Charlottesville: Trump ist nicht an allem schuld
Donald Trump ist nicht die Ursache für das Erstarken rechtsextremer Gruppen in den USA. Die Gründe liegen tiefer. Ein Kommentar.
Ist Donald Trump schuld an der Gewalt in Charlottesville am Wochenende, wo ein junger Rechtsextremer eine Gegendemonstrantin überfuhr und tötete? Darüber diskutieren zum Wochenbeginn Leitmedien in den Vereinigten Staaten wie Politiker hierzulande – und die meisten sehen den Präsidenten in der Verantwortung. Diese Fokussierung auf Trump ist richtig und falsch zugleich. Amerika war schon krank, bevor er kam. Und kann mit ihm nicht gesunden.

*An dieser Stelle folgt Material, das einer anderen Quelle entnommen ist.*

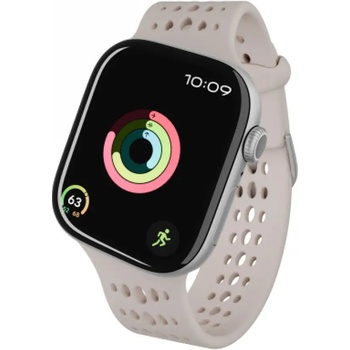 Decoded Силиконова каишка Decoded Ares O за Apple Watch 40/41/42 мм - бежова (D26AWS42ABS1CY)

Die weißen Suprematisten – also Gruppen, die die Überlegenheit der weißen Rasse behaupten – vermehren sich in den USA schon seit mehr als einem Jahrzehnt. Das Southern Poverty Law Center, eine Nichtregierungsorganisation, die die Szene beobachtet, zählt heute mehr als 900 solcher Gruppen in den USA. Ihre Ideologien sind so vielfältig wie gefährlich: Da sind die jungen Alt-right-Anhänger, die rechten Pop-Idolen wie Milo Yannopoulos anhängen, Neo-Konföderierte, Neo-Nazis, Antisemiten, Anti-muslimische Gruppen, Hyper-Libertäre, die jede Staatlichkeit abschaffen wollen und natürlich der Ku-Klux-Klan. Gemeinsam ist den Nuancen des Hasses der Glaube, die weiße Rasse müsse in den Vereinigten Staaten um ihr Überleben kämpfen – demographische Projektionen sagen voraus, dass Weiße bis 2040 nicht mehr die größte ethnische Gruppe sein könnten.
Mit der Wahl Barack Obamas machte die Zahl rechter Gruppen einen Sprung nach oben. Der erste schwarze Präsident sei wie ein Signal für die Szene gewesen, dass ihre These vom Untergang der weißen Rasse zuträfe, vermuten Experten. Doch es sind wohl auch Armut und Bildungsmisere, die zu ihrem Erstarken beitragen. Die Rechtsextremen siedeln zum Beispiel in trostlosen Kleinstädten, in denen die Relikte der Kohleindustrie stehen wie Dinosaurierknochen im Museum. Sie gedeihen in jenen sozialen Nischen, in denen die Wahrheit nicht mehr ankommt. Sozialwissenschaftler schreiben Medien und Blogs der alten und neuen Extremrechten eine wichtige Rolle bei der Ausbreitung zu. Dylann Roof, der Rechtsextremist, der 2015 neun Mitglieder einer überwiegend schwarzen Gemeinde in ihrer Kirche in Charleston, South Carolina, erschoss, soll sich nach Ansicht der Ermittlungsbehörden im Internet radikalisiert haben.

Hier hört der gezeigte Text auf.